**Data extract:**
______________________________
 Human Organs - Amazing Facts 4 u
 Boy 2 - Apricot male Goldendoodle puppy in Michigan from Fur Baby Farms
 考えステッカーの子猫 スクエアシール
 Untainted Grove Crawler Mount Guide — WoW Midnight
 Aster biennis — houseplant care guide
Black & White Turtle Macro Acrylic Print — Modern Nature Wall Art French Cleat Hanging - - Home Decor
______________________________
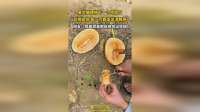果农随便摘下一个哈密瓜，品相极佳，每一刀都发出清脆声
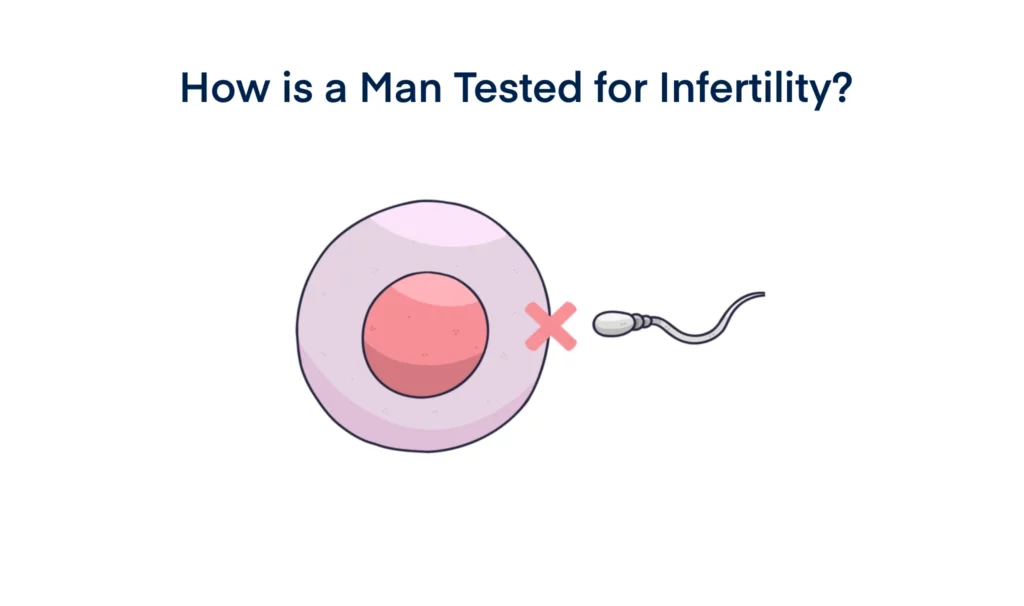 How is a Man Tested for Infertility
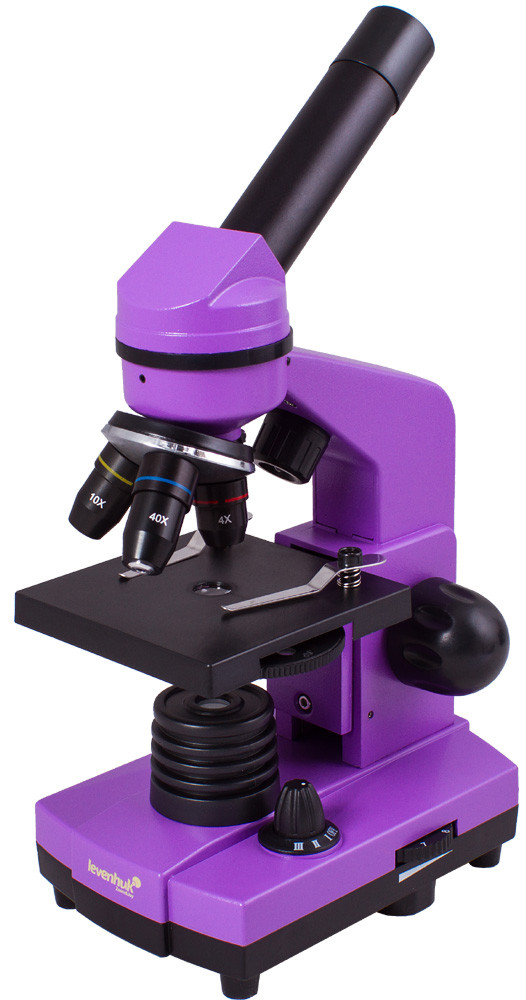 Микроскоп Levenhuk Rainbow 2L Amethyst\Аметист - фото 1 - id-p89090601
______________________________
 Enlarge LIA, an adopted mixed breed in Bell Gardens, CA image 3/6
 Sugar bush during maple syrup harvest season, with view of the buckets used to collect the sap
______________________________
**What the exercise asks:**
From the entries above, restate word for word the lines from the line containing "Human Organs - Amazing Facts 4 u" to the line containing "Aster biennis — houseplant care guide", both ends included, and nothing more.

**Response area:**
 Human Organs - Amazing Facts 4 u
 Boy 2 - Apricot male Goldendoodle puppy in Michigan from Fur Baby Farms
 考えステッカーの子猫 スクエアシール
 Untainted Grove Crawler Mount Guide — WoW Midnight
 Aster biennis — houseplant care guide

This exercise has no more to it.